Saturday, October 8, 2011

Religion: Holy Now


Peter Mayer: Holy Now

[purchase]

Sundown this evening marked the end of Yom Kippur, the Jewish Day of Atonement; twenty years ago, or even five, the day would have had me in temple, naming my sins alongside the community in a language I can speak but cannot understand, hoping that G-d would find my repentance sincere enough to inscribe me in the book of life for yet another year.

But the older I get, the more my belief system drifts away from the conservative Judaism of my birth, and towards that of the Unitarian Universalists - a humanistic practice with no common creed among its followers save that of the ongoing search, the sacredness of community itself, and the urgency of social justice.

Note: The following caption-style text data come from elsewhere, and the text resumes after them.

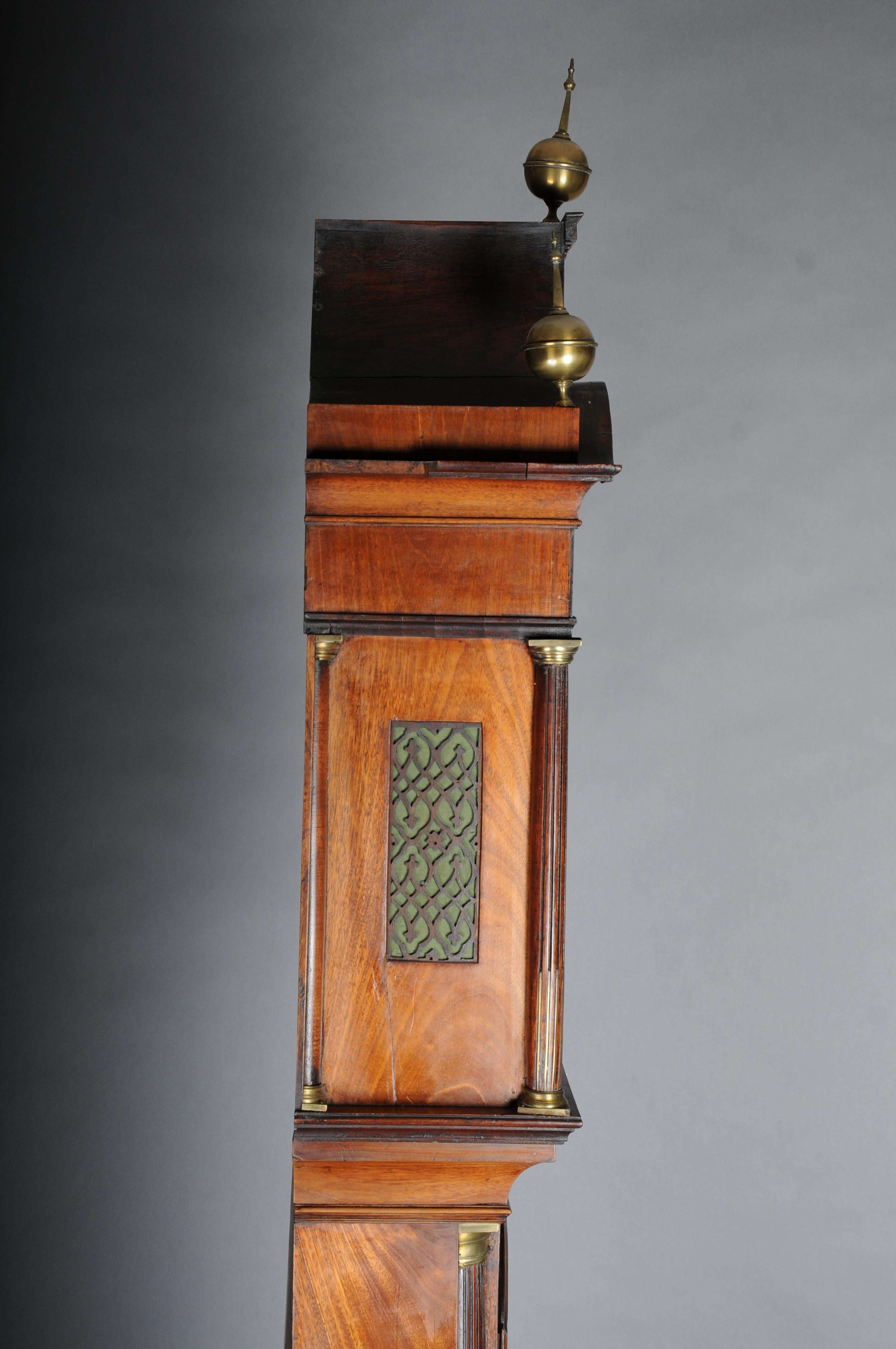 Historic antique English grandfather clock, mahogany, 18th century. In Good Condition For Sale In Berlin, DE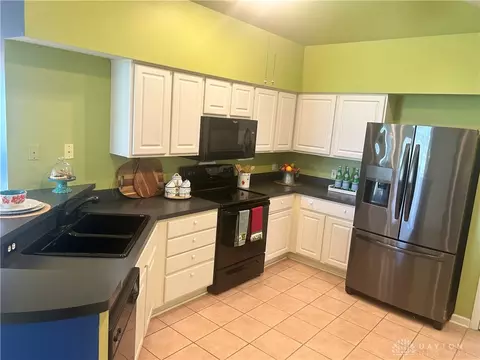 2083 Willow Run Cir, Enon, OH 45323 photo 19
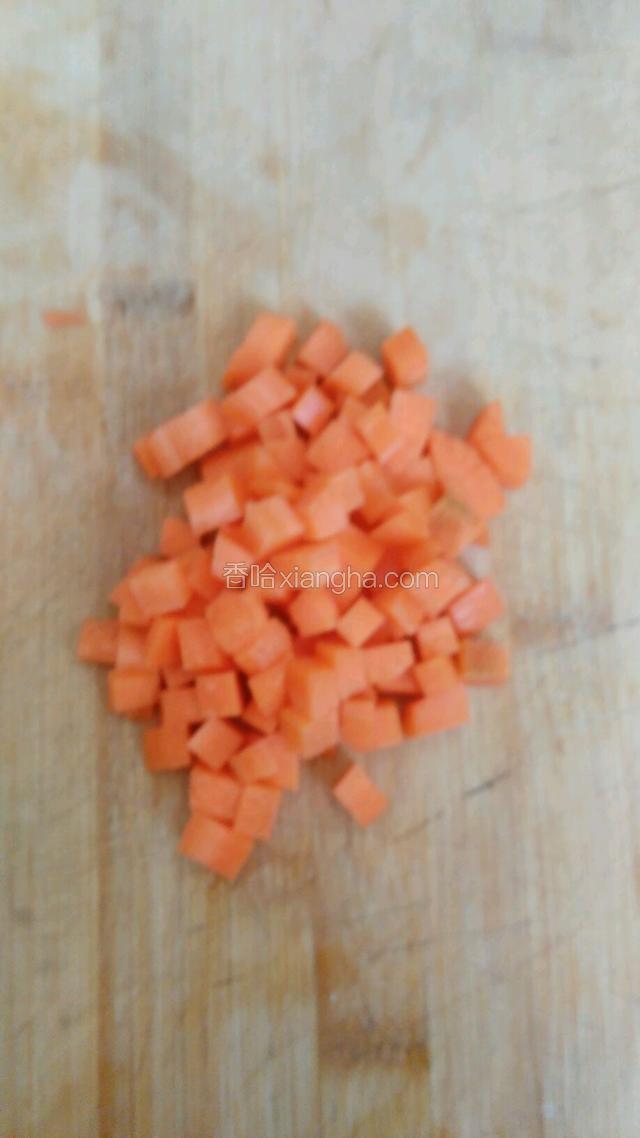 胡萝卜切成和青豆大小的小块。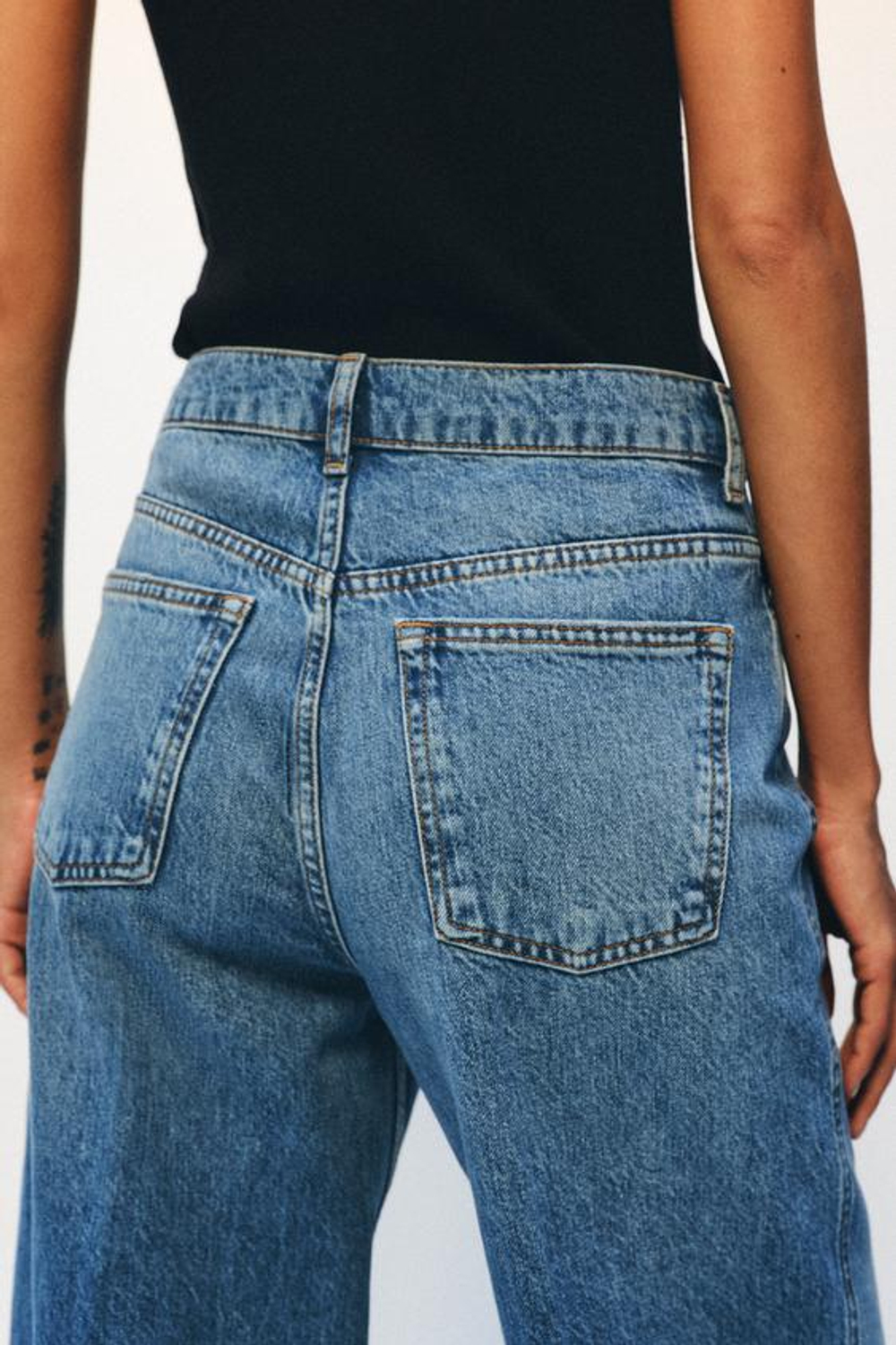 ZARA ДЖИНСЫ ZW COLLECTION FLARE С ВЫСОКОЙ ПОСАДКОЙ, ВЫЦВЕТШИЙ СИНИЙ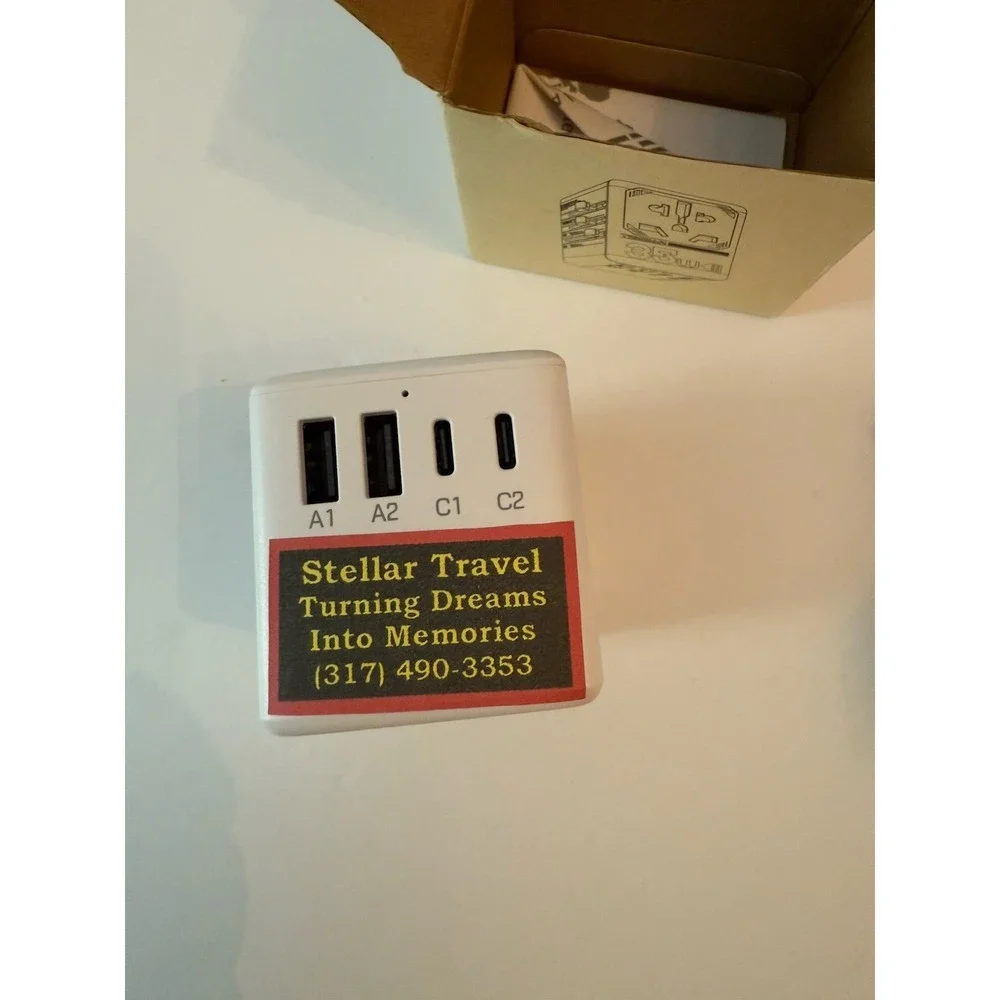 TESSAN Universal Travel Adapter, White - New In Box M/N:TS -WTA02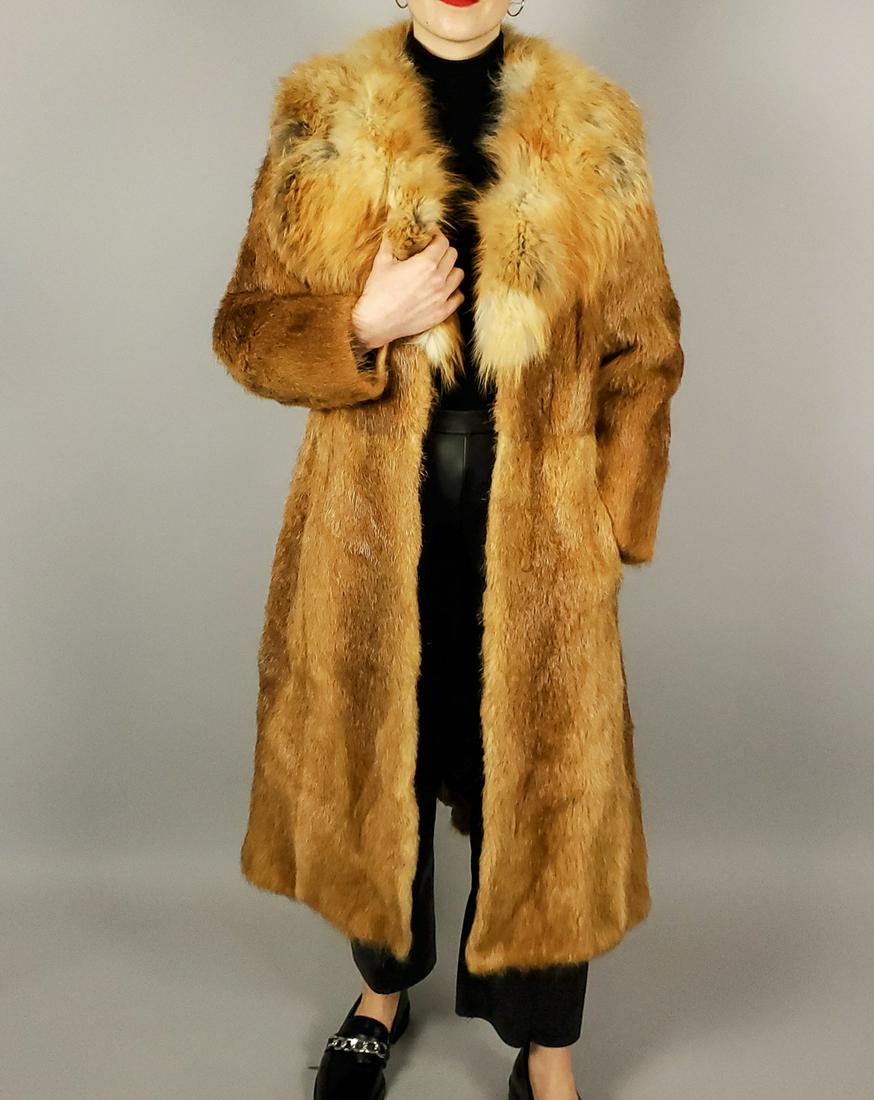 Red Fox Fur Coat Size M (1 of 11)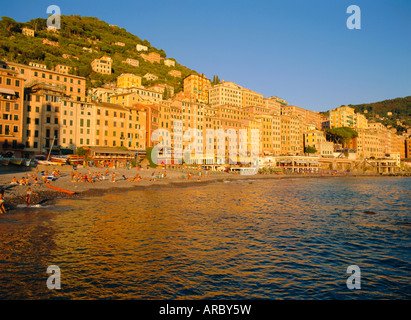 De vieux bâtiments colorés sur le front de mer à Gênes, ligurie, italie Banque D'Images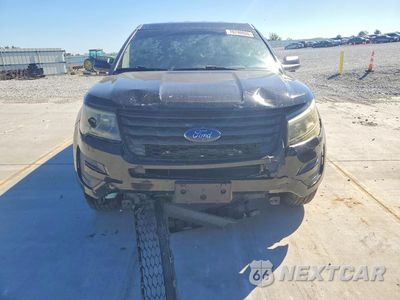 Piąte zdjęcie samochodu w środku: 2016 FORD EXPLORER POLICE INTERCEPTOR VIN:1FM5K8AR6GGA01484 - miniatura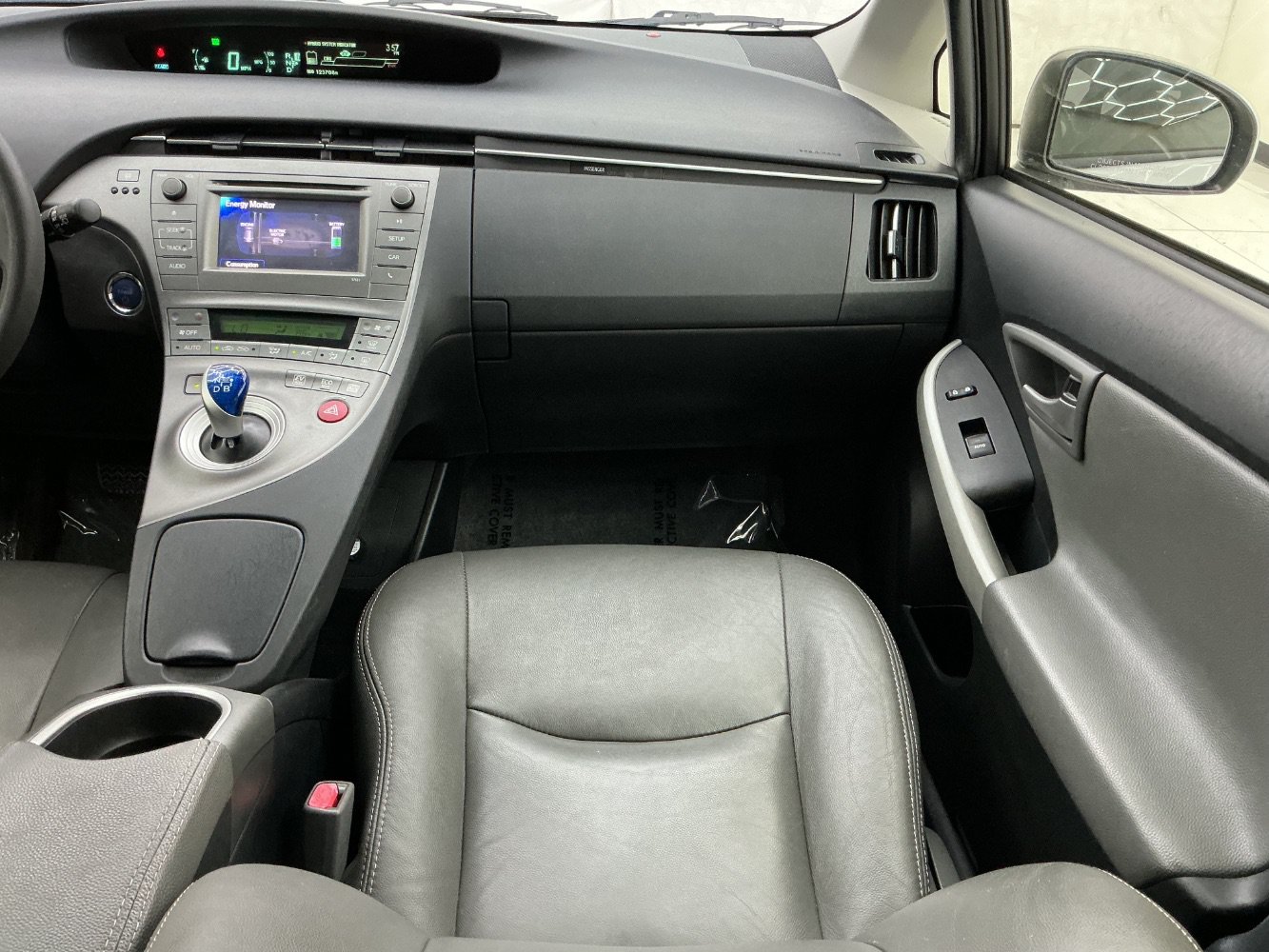 Used 2015 Toyota Prius Two FWD image 28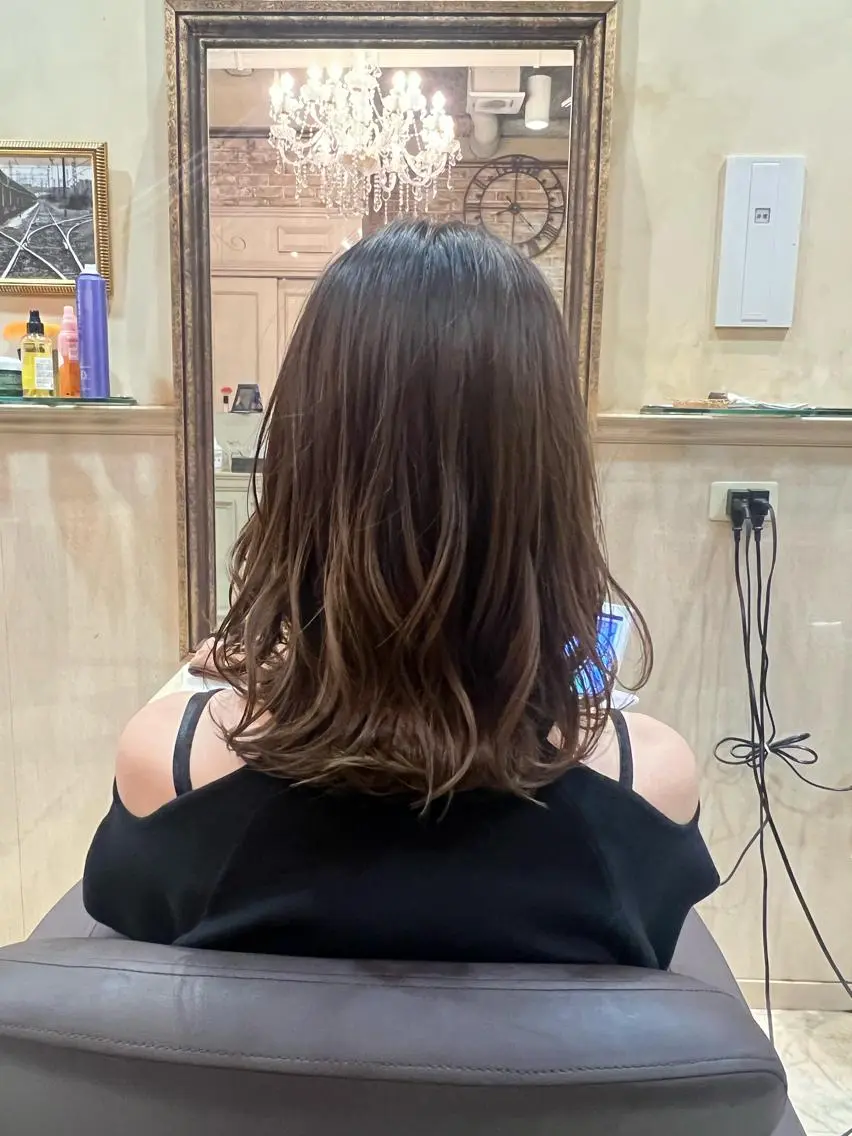 ミディアム ハイライト 鈴木 優一のヘアスタイル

And where most religions tell us where and how to pray, the UU sense of ritual is fluid enough to allow us to celebrate in whatever way best befits our mood, our needs, and our sense of the universe and our place in it.

And so, today, I found myself home, preparing a feature for Cover Lay Down about the ways in which I have come to use blogging itself as a mechanism for writing myself into the world, by year and by day.

And so, perhaps, it is fitting to find myself finishing up here, posting the song which most clearly speaks to that growing sense of the sublime in the mundane.

Because Minnesota singer-songwriter Peter Mayer's Holy Now serves as a sort of personalized UU hymn, one which reflects my own drift from Judaism even as it describes the move many lapsed Catholics have made from their own churches to the shared table where we worship through song and story each Sunday. In lyric and tone, it reminds us that returning reverence to the totality of creation need not imply a creator, but it sure does demand mindfulness in everything.

On my best days, I aspire to his vision.

May every day of your life bring atonement and prayer, joy and solace, no matter what you believe. For there is none of us so lost that we cannot find ourself again. Happy Yom Kippur, everyone.